La casa no es una casa sino una pieza. La pieza no es una pieza de cualquier casa: una cama matrimonial, un paso, otra cama, otro paso, una cocina, el ventilador, otro paso, un inodoro, y se acabó. Los pisos de tierra están barridos y todo luce impecable. Juan Alberto Carabajal abre la puerta de madera tambaleante con su sonrisa como protagonista. Y se dispone a contar su historia: tiene 18 años, trabaja como carrero de día, estudia de noche y ha logrado el primer puesto de la región en el examen de ingreso para la Armada Argentina.
La rutina de Juan no es una rutina cualquiera. La compu queda muy lejos de la villa Rosa Mística, el asentamiento en el que vive desde hace cuatro años junto a sus padres adoptivos: Rosa Paula Romero, de 61 años, y Manuel Antonio Pereyra, de 67. Allí también duermen muchos de sus sobrinos.

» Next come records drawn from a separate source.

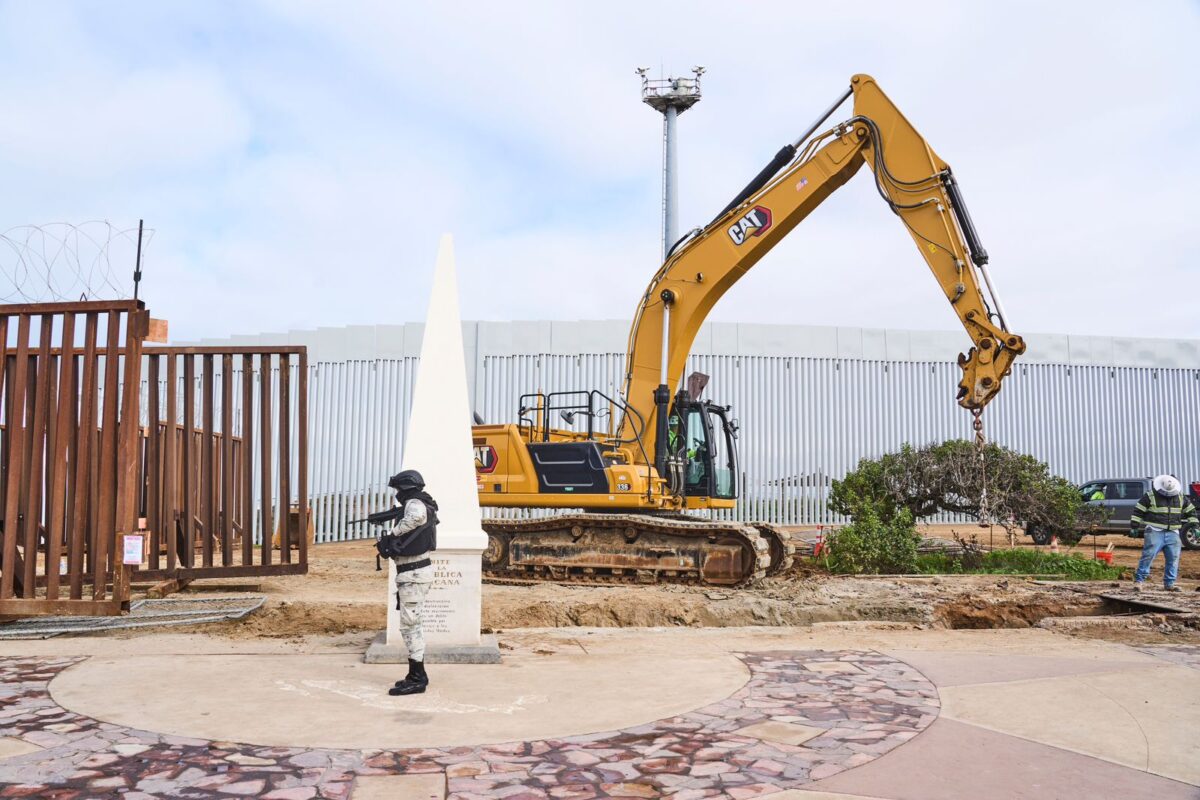 Reemplazo del Muro Fronterizo en Playas de Tijuana Continúa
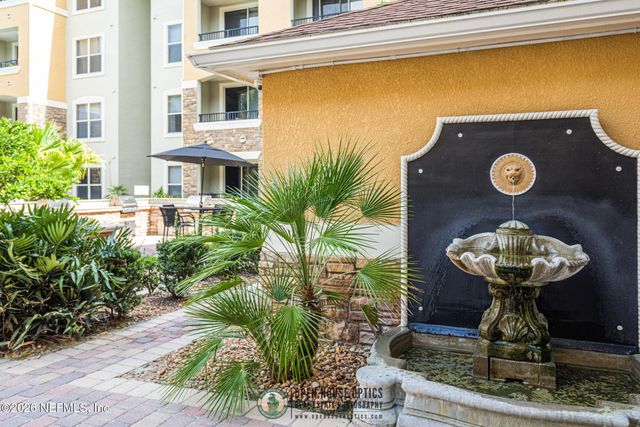 8539 GATE Parkway W 616, Jacksonville, FL 32216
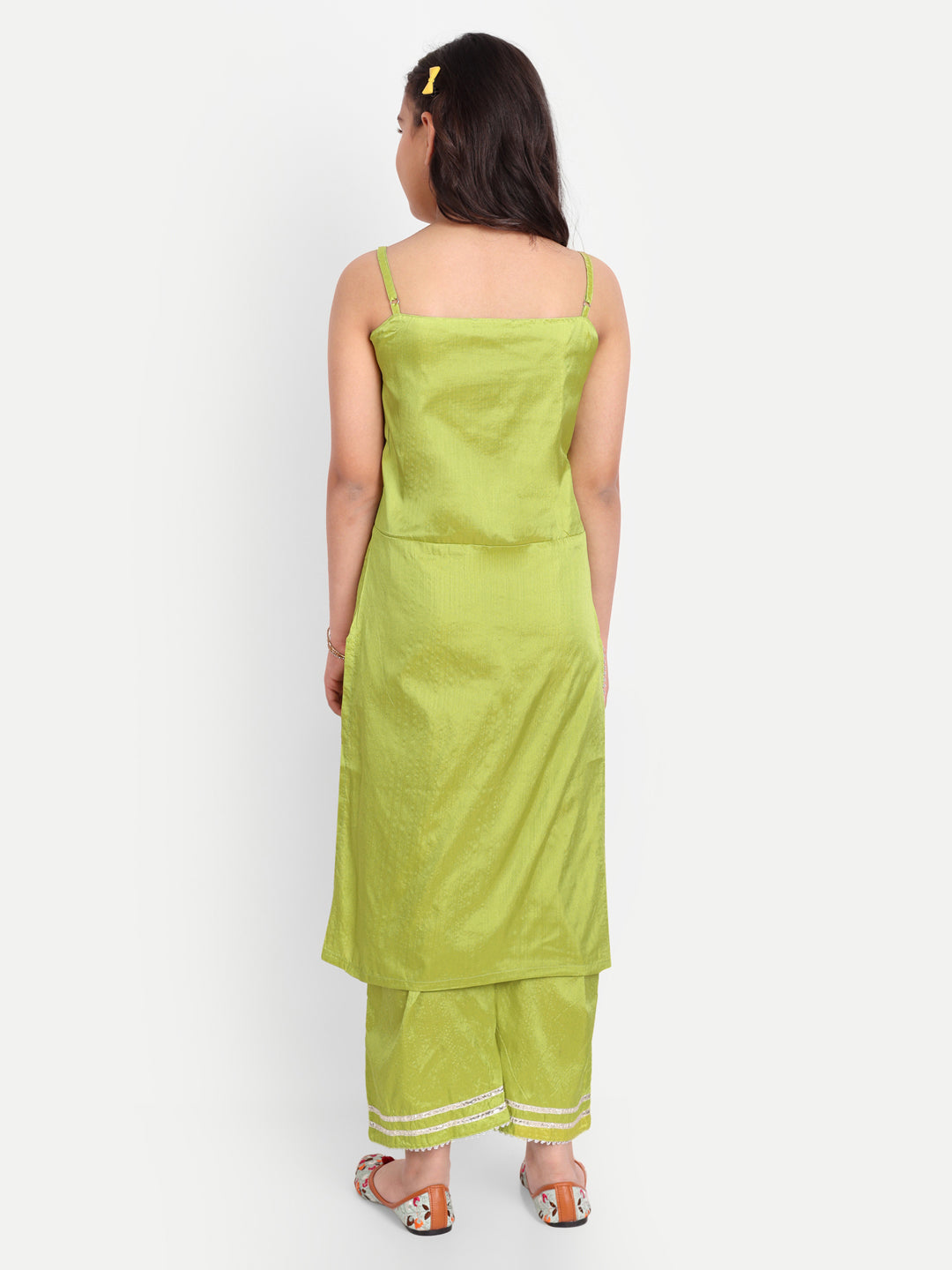 MODISH COUTURE Embellished Kurta & Plazzo (Green)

Rosa tiene 10 hijos. El más chico es Juan. Se lo "regalaron" cuando era un bebé de sólo cuatro meses. "Su mamá era muy pobre y no lo podía cuidar. Yo también era muy pobre, pero un poco menos, así que me quedé con él. Al principio, no quería adoptarlo con papeles porque pensé que su mamá lo iba a buscar un día...", cuenta la mujer.
Ese capítulo de su vida no parece pesarle a Juan. De hecho, hace poco tiempo buscó a sus padres biológicos y ahora le da una mano a su papá vendiendo verduras en un carro por la zona de El Triángulo. Gana $ 50 por día. Con eso ayuda para que nunca falte un plato de comida en casa.
Sueño cumplido
Carabajal siempre fue visto como un héroe por sus hermanos. Ninguno de ellos llegó más allá del tercer grado. Juan tenía algo especial, dice la mamá Rosa. Cada día, se calzaba rápido el guardapolvo para llegar a tiempo a la escuela. Tenía asistencia perfecta y logró ser abanderado de la secundaria. Muchas veces tuvo que estudiar a la luz de la vela. O llegar desvelado a clases porque tenía que hacer las tareas después de terminar su jornada como vendedor ambulante.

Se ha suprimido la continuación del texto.